4 No entanto existem mais dois pontos de interesse na construção da obra. O primeiro ponto de interesse é o relevo dado à assumption theory, segundo a qual a bomba, a partir do momento em que a decisão do seu fabrico foi tomada, seria sempre utilizada. Rotter não subvaloriza nenhuma das razões da bibliografia tradicional – militares, diplomáticas e culturais – no entanto, dá enfoque a uma razão burocrática, mostrando como o decisor último, o presidente dos Estados Unidos, Harry Truman, foi confrontado com uma decisão de Roosevelt à qual vai apenas dar continuidade. O segundo ponto pode ser representado pela dicotomia entre «guerra justa» e «justiça na guerra». Esta dicotomia tem interesse na narrativa, pois Rotter coloca-a na experiência do homem da ciência, traçando o caminho da ação científica desde a sua tradição universalista pré-guerra, até ao serviço do estado-nação característico da II Guerra Mundial. Este quarto ponto conclui a divisão da obra em quatro vetores analíticos, horizontais a toda a obra.
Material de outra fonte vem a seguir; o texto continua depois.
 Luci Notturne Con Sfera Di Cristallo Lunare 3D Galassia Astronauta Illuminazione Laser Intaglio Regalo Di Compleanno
5 Na narrativa podem ser identificados os pontos de vista militar, diplomático, político, científico, tecnológico e cultural. Como qualquer obra abrangente, este livro não satisfará por completo o especialista de cada um dos campos, mas sim um público geral que se interesse pela matéria, objetivo da coleção onde a obra é incluída. A narrativa está organizada em oito capítulos, cada um composto por vários subcapítulos.

6 No primeiro capítulo o autor descreve a «república científica» transnacional do pré-guerra e desenvolve o tema da ética científica associada ao possível poder destruidor dos avanços científicos. Para ilustrar este desenvolvimento, Rotter recorre ao exemplo da utilização do gás como arma na I Guerra Mundial, fazendo a ponte com a moral militar na utilização de armas insidiosas, traçando um paralelo entre o gás e a radiação.
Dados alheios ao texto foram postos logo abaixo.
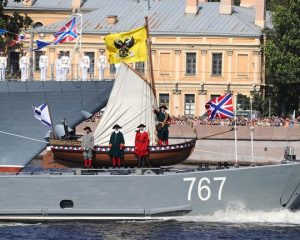 Ботик Петра I на Главном военно-морском параде.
7 O segundo capítulo é dedicado ao Reino Unido. Aqui é apresentado o laboratório de Cavendish como instituição-mãe da bomba atómica. Sob a orientação de Rutherford, cientistas de vários países desenvolvem a parte teórica que permitirá a construção da bomba. Rotter fomenta a globalidade da origem científica da bomba descrevendo as nacionalidades dos vários intervenientes e apresenta as motivações científicas por detrás do trabalho desenvolvido – o poder bélico, o poder dissuasor e o avanço científico em si, com todas as utilizações possíveis.

8 No terceiro capítulo, dedicado à Alemanha e ao Japão, Rotter define os pontos chave no sucesso da construção da bomba. O acesso à matéria-prima – urânio e rádio –, a liberdade de produção científica interdisciplinar e a coordenação dos vários projetos multidisciplinares. Descrevendo os falhanços da Alemanha e Japão nestes fatores-chave, Rotter deixa a narrativa aberta para a explicação dos fatores de sucesso na produção da bomba pelos Estados Unidos.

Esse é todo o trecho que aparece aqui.